Open  Terminal window  and  start  pig command  line  interface  to  Pig.  Use  pig command line interface to implement the following actions. Implementation of each step is worth 1 mark.

(1)  Use load command to load the files truck.csv, driver.csv and trip.csv from HDFS into a Pig storage.

Use Pig  Latin  and  Pig  Grunt  command  line  interface  to  implement  and  process  the following queries.

(2)  Find the full names (first-name, last name) of drivers who used the trucks manufactured (make) either by DAF or MAN.

(3)  Find the full names (first-name, last name) of drivers who used the trucks manufactured (make) by DAF and on the other occasion manufactured by MAN.

(4)  Find the full names (first-name, last name) of drivers who never travelled to Albany.

(5)  Find the total number of times each truck (registration) was used on a trip to Albany.  There is no need to list the trucks never used on any trip to Albany.

Once completed,  copy the  entire contents of the Terminal window,  including data loading outputs, processed queries, ALL messages, and ALL results, to the clipboard. Then, paste these contents into a text file named solution3.txt.

Deliverables

A file solution3.txt that contains a listing of data loadings and queries performed above , ALL messages and the results of operations.
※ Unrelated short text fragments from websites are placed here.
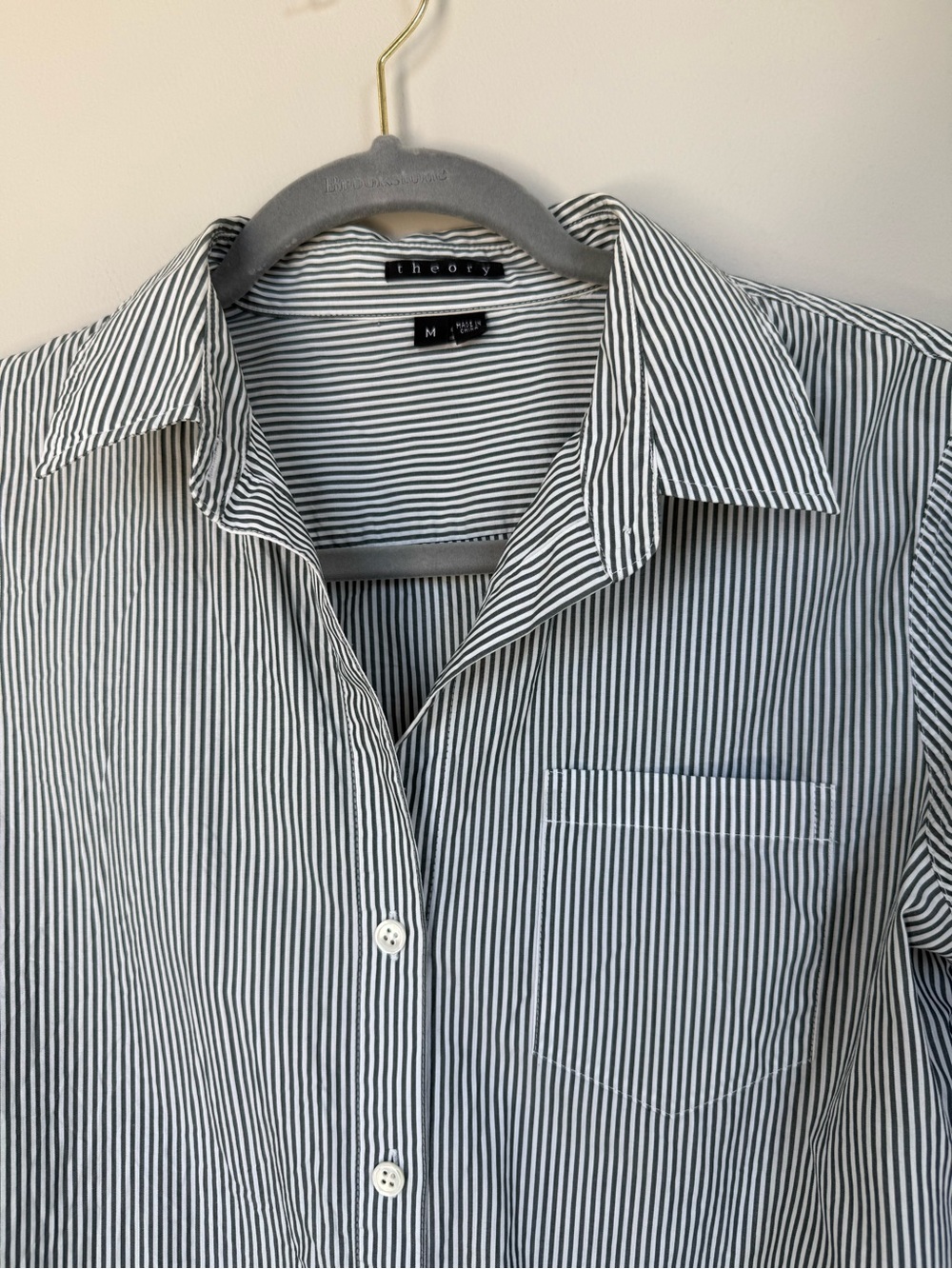 Theory Gray White Striped Button Down Shirt Size M - Picture 3 of 5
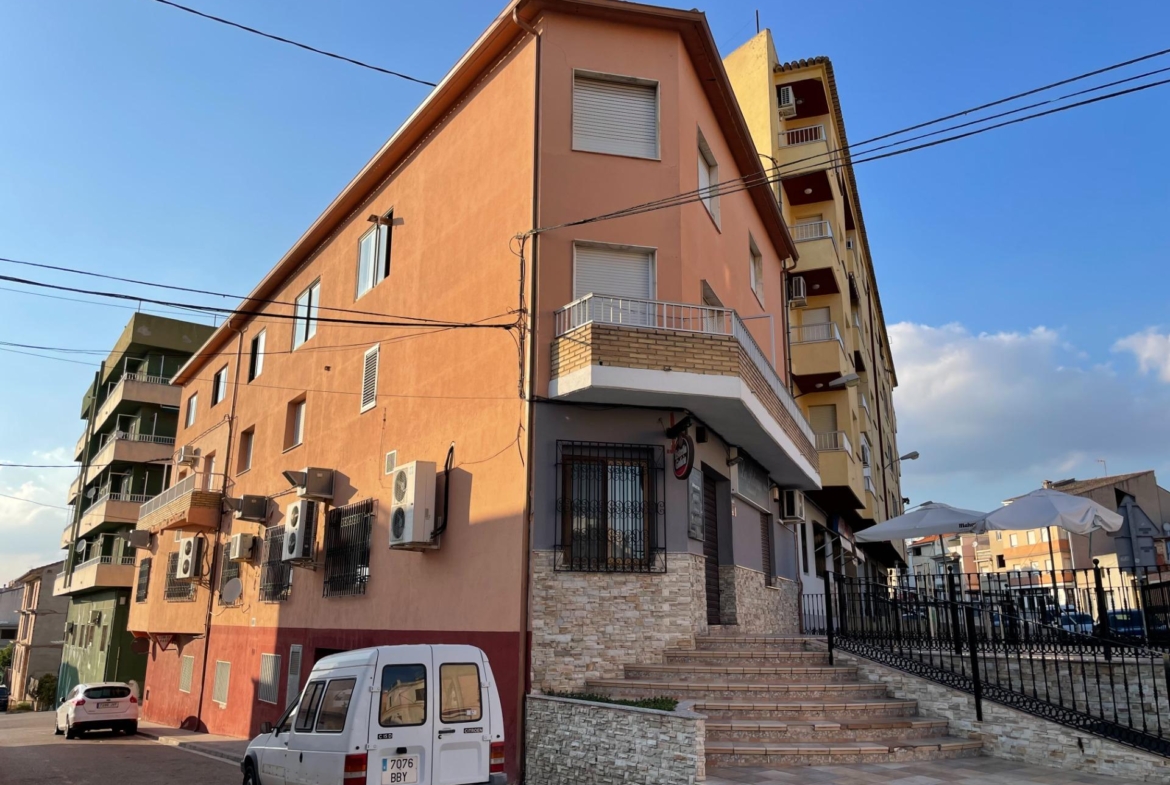 Dos Viviendas Independientes de 150 m² Cada Una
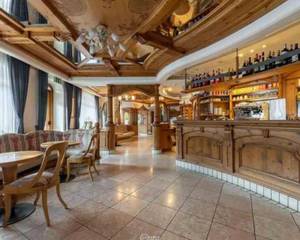 Family Hotel La Perla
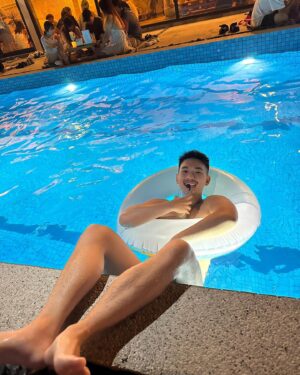 Ray Lin Instagram - 🌊🌊
喝酒有游泳池也太爽😂
還跟陌生人玩套圈圈，
現在想起來在琉球好瘋。

#琉球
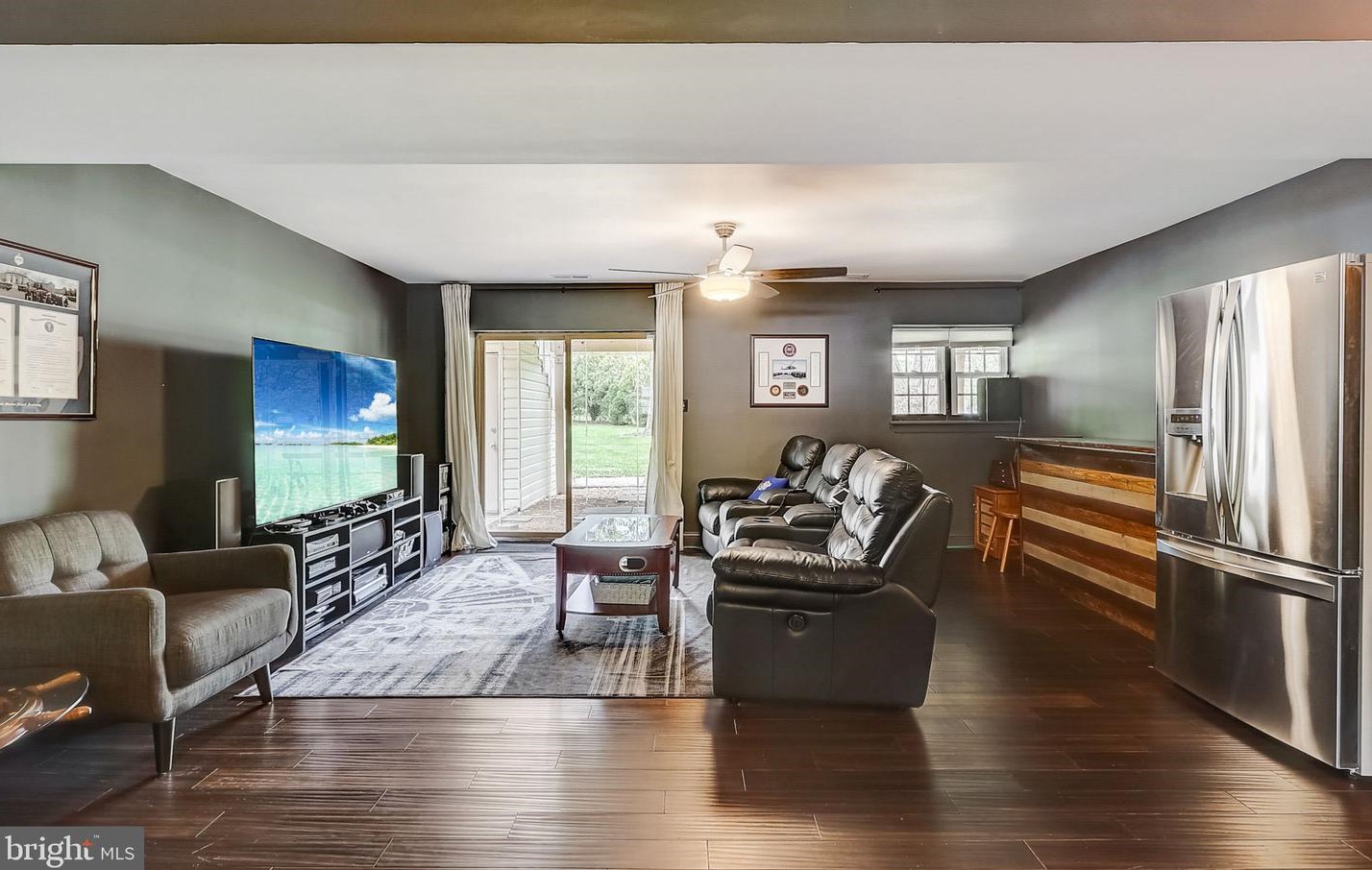 6555 Spring Valley Dr, Alexandria VA  22312-2134 exterior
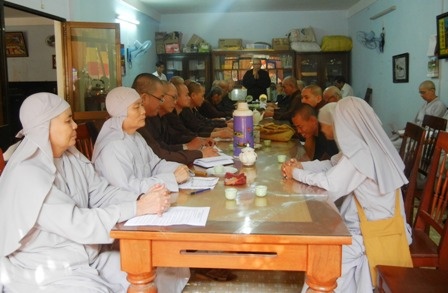 Quảng Ngãi: Tân Ban Trị sự nhiệm kỳ IV (2011 - 2016) họp phiên đầu tiên ảnh 1 wBTS.jpg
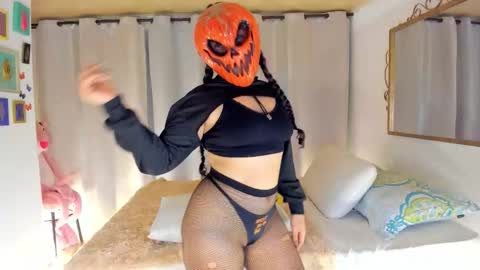 Snapshot of 1laiaa1 chatting on 10/19/25, 03:07 laiaa rivas online show from 10/19/25, 03:07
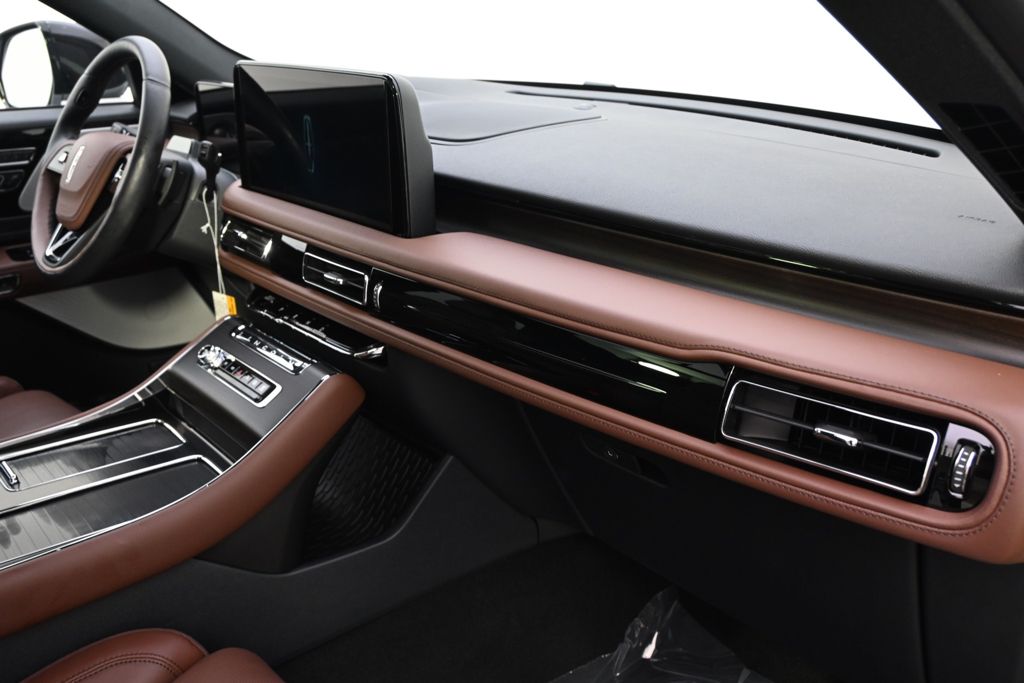 New 2026 White Lincoln Reserve image 15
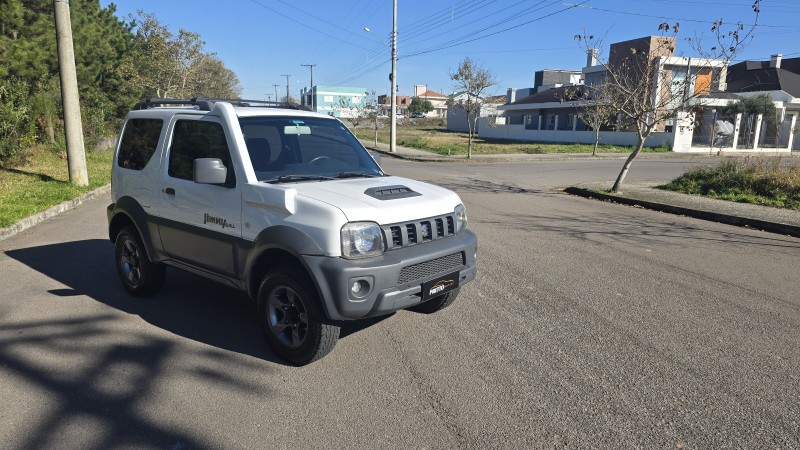 JIMNY 1.3 4ALL 4X4 16V GASOLINA 2P MANUAL - 2014 - BENTO GONçALVES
A file solution3.txt must be created through  Copy/Paste  of the  entire  contents  of  Terminal window  into  a  file solution3.txt.  No  screen  dumps  are  allowed  and  no  screen  dumps  will  be evaluated. Solutions that do not include the query processing messages will not receive any marks.

Task 4 (5 marks)

Data processing with Spark

Consider the following logical schema of two-dimensional data cube.

Download  a  file  task4.zip published  on  Moodle  together  with  a  specification  of Assignment 3 and unzip it. You should obtain a folder task4 with the following files: driver.csv, truck.csv and trip.csv.

Use a text editor to examine the contents ofthe files.

Upload the files into HDFS.

Open Terminal window and start pyspark command line interface to Spark. Use pyspark command line interface to implement the following actions. Implementation of each step is worth 1 mark.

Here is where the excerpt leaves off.